As-Salamu Alaykum from Beijing!
By Omar Badr  ·  2021-12-10  ·   Source: NO.49 DECEMBER 9, 2021
An Egyptian journalist thanks a volunteer who answered his questions in Arabic at the information center of the Third China International Import Expo in Shanghai on November 4, 2020 (XINHUA)

It's December—that time of year again. No, not Christmas; I'm talking about the UN Arabic Language Day which falls on December 18. UNESCO initially started to observe this day in 2012 to "celebrate multilingualism and cultural diversity." The self-proclaimed linguist I am, I couldn't think of a better way to celebrate this day while in Beijing than by exploring Arabic through the eyes of its Chinese apprentices. 

Why would a Chinese person want to study Arabic in the first place? Religion is often cited as the primary reason. Miss Ma, a young Muslim lady from Yunnan Province, believes "Arabic is the key to Islam." When it was time for Ma, or Fatima, to choose a major, she didn't think twice. She wanted to better understand the Quran and chose Arabic to help her do just that. Others, however, opt to study Arabic for more earthbound reasons. Xing, who also goes by the less Muslim-sounding name of Tara, told me in neatly written Arabic that many people advised her to learn the Semitic language. China maintains cordial ties with most Arab countries and has a great economic interest in the Middle East. Arabic is one of the six official languages of the UN and a working language of the General Assembly. "I thought that if I studied Arabic, I would have better job opportunities after graduation," she said, before adding with a dash of confidence that "it turned out I wasn't wrong."

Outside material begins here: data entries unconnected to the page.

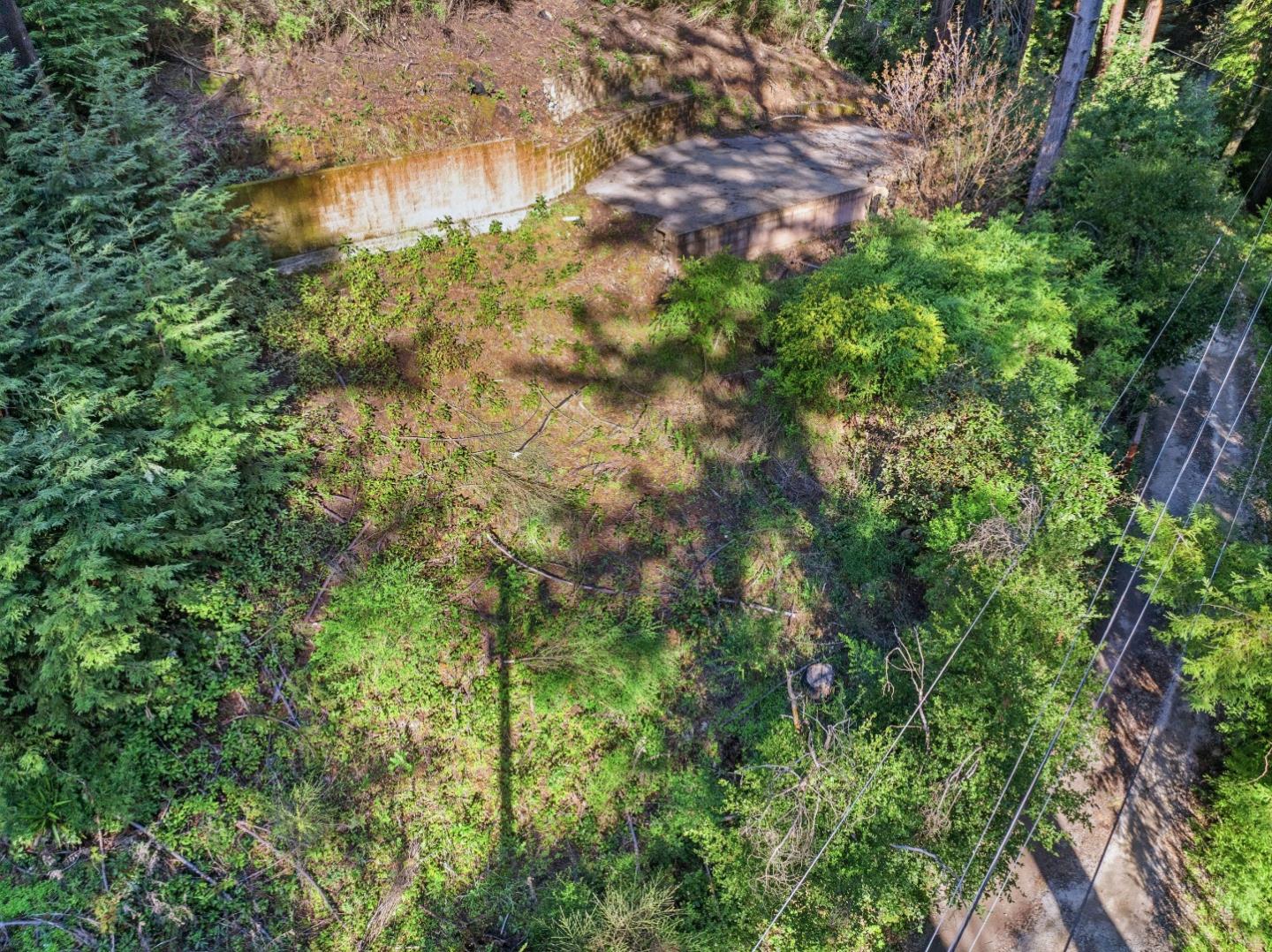 315 Alder Road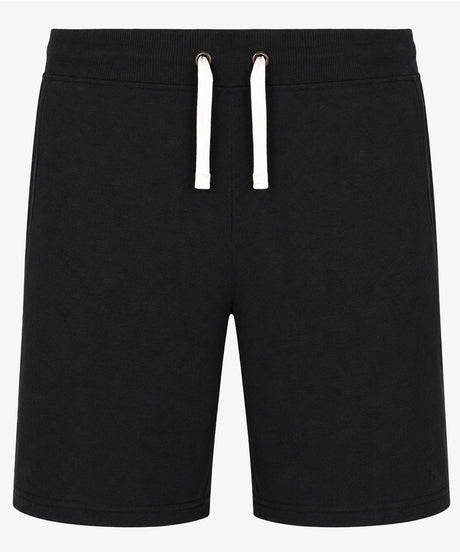 Personalised Campus Shorts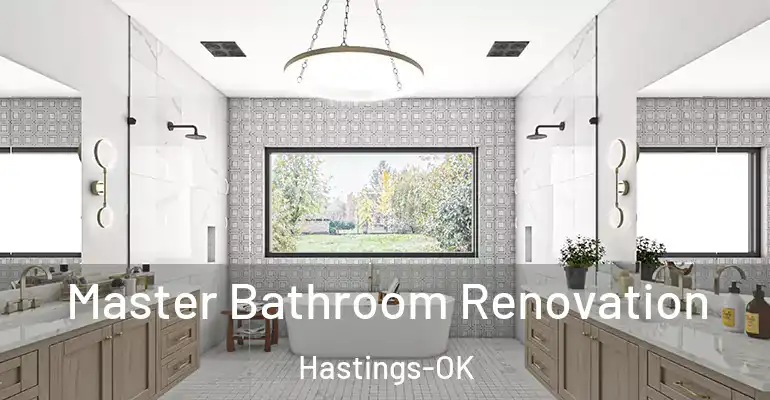 inner Bathroom imggen Master Bathroom Renovation Hastings-OK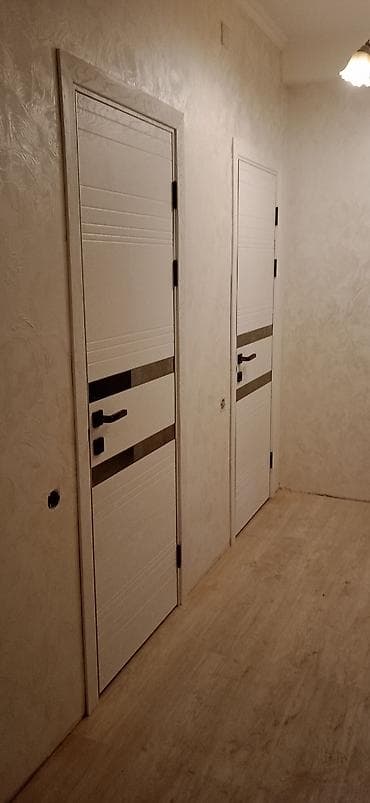 Аренда инструментов: : Установка — 3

Arabic is notoriously difficult. It usually tops the list of hardest languages to learn—for native English speakers. Chinese speakers, however, seem to think otherwise. Unlike Chinese, Arabic has an alphabet. Twenty-eight consonant letters is all you need to learn so you can start to read and write. Fu Jingnan, or Rima, graduated with an Arabic degree from Beijing International Studies University and believes this was by far the easiest thing about learning Arabic. On the other hand, Tara, who grew up speaking Kazakh, and Fatima, who received basic Islamic education as a child, swear by how easy the Arabic pronunciation comes to them.

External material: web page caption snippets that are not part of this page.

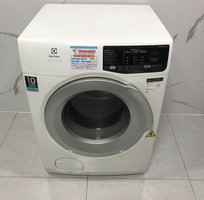 Máy Sấy Electrolux 8 Kg kiểu sấy thông hơi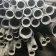 انواع لوله های سیلندری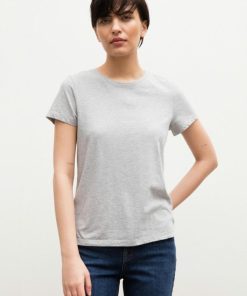 Garmentgrid.shopebfae7fbdc 2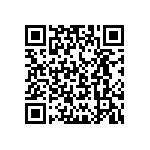 T95D277K004HSSS QRCode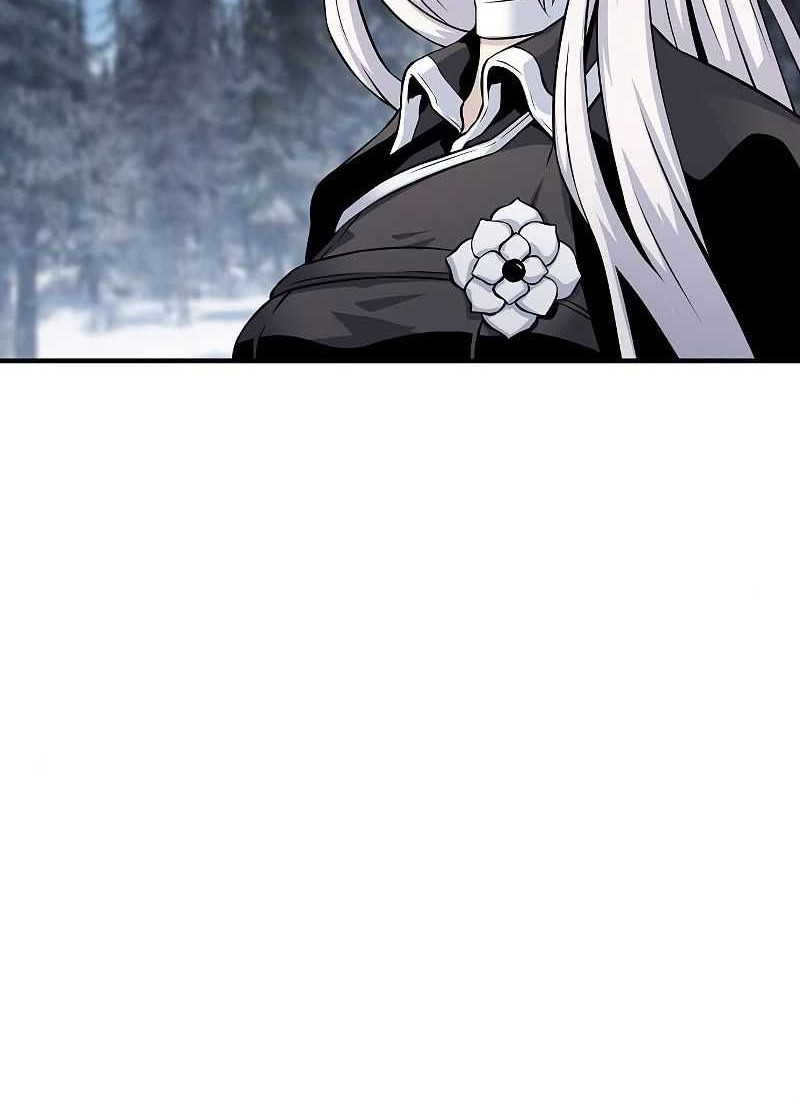 The Priest of Corruption Chapter 30 - halaman 89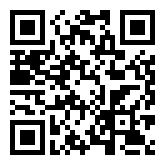 http://yunzhikong.cn/new/148404.html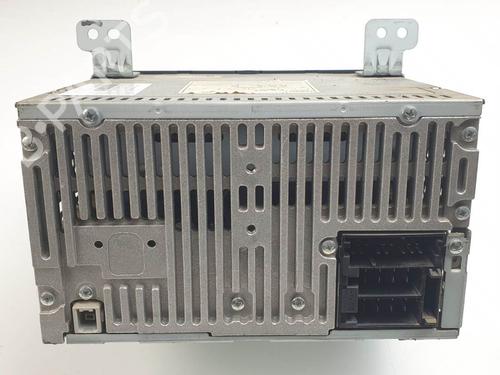 Other HYUNDAI i30 (FD) 1.6 CRDi | BP24930719O1  - Image 5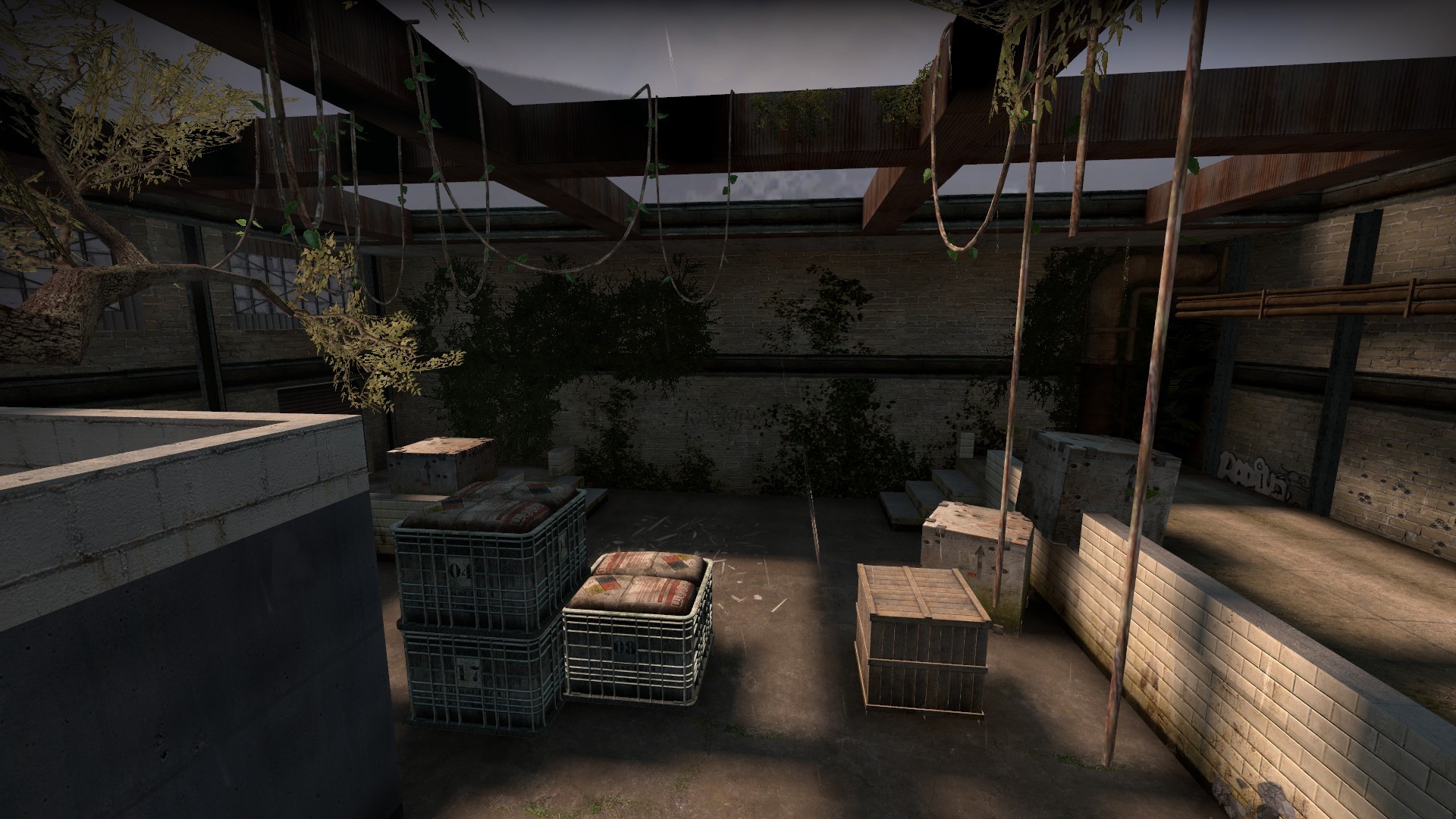aim_abandoned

Nevertheless, learning Arabic doesn't come without any difficulties for Chinese students. The different regional varieties of Arabic drive them crazy, according to my conclusions. They study Fus-ha or Modern Standard Arabic (MSA) for years in university just to find out that the layperson on the streets of Cairo or Casablanca speaks dialects so different that they could be languages in their own right. MSA is the form of Arabic used in media, newspapers and magazines, as well as in official correspondence. But the hoi polloi—forgive the term—almost never use it in everyday dealings. To make things worse, convoluted Arabic grammar is a far cry from the very straightforward Chinese grammar. Rima, Fatima and Tara all agree that rules of word gender; singular, dual and plural forms along with the complicated semantics, constitute challenges to Chinese learners of Arabic.

It was Miss Zhang's father who chose her Arabic name: Sawsan. "The iris flower?" I wondered. "Well, rather the color purple," she replied. Sawsan took her Arabic learning to the next level: teaching it. "My students don't have access to the right language environment. That's why I encourage them to make friends with native Arabic speakers and communicate with them on WeChat." She also finds songs to be an important learning tool, especially those by Lebanese pop diva Nancy Ajram.

In a world dominated by one lingua franca, building more direct bridges, ones that do not necessarily pass through English, between different cultures promotes tolerance, understanding, multilingualism and cultural diversity. Happy World Arabic Language Day!